Le travail et la collaboration entre l’association et la CAF ont abouti à la réalisation de ce grand «équipement » qu’est le  « centre social et culturel Bel-Air ». L’originalité et l’esprit de tout ce qui a été accompli résidait dans le fondement de l’association : la place des habitants, la participation des usagers.  Le centre Bel Air a vraiment été l’émanation et la réalisation de personnes du quartier voulant créer un espace de vie, de rencontre et de loisirs dans un équipement commun.

L’atelier de menuiserie est un exemple parmi les autres secteurs du centre Bel-Air. Dans les plans de construction était prévu un local tel qu’il existe actuellement. Il était vide, et c’était aux futurs usagers de l’aménager. Une équipe d’hommes s’est mise en place pour ce faire. En fait, il y avait la demande d’une menuiserie et d’une ferronnerie. Parmi tous les hommes qui ont « façonné » ce lieu, il y avait surtout Antoine Colin, Gilles Henry, Jean Baptiste Delagrée, m. Gillet.

Il y a eu d’abord tout un travail de réflexion sur l’organisation et le fonctionnement de ces 2 activités dans le même lieu, puis la recherche des équipements : outils, établis, machines, etc… je me souviens, pour la ferronnerie, qu’il fallait une forge, avec bien sûr une cheminée d’évacuation des fumées, ce qui bien sûr n’était pas prévu dans les plans. Qu’à cela ne tienne. Les dirigeants de la CAF ont accepté de faire l’ouverture nécessaire dans les 2 étages et le toit du centre pour la réaliser.
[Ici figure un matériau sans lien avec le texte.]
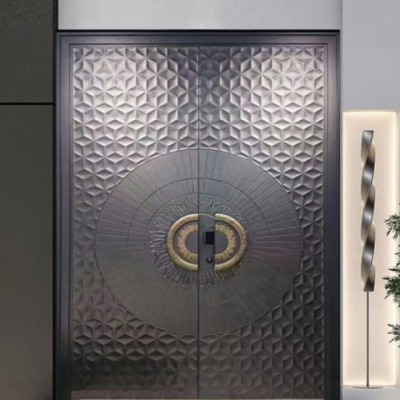 別墅雙開(kāi)大門(mén) 家用甲級(jí)防盜裝甲門(mén)自建房庭院入戶(hù)大門(mén) 精雕鑄鋁門(mén)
Tout ce qui a été demandé a été accepté par la CAF. Il y a donc eu ensuite la phase de l’achat du matériel, sa mise en place  aux endroits prévus par l’équipe. Quelle joie lors de l’inauguration du centre Bel-Air. Les 2 ateliers pouvaient commencer à fonctionner. Il y eut ensuite l’embauche d’un moniteur de menuiserie professionnel, Jacques Hamann.

Quand on constate, plus de 50 ans après, combien de personnes ont appris le métier du bois, combien ont et continuent de fréquenter cet atelier, combien il y a eu de très belles réalisations, l’on peut dire que la volonté et la pugnacité des fondateurs de la menuiserie a été fructueuse.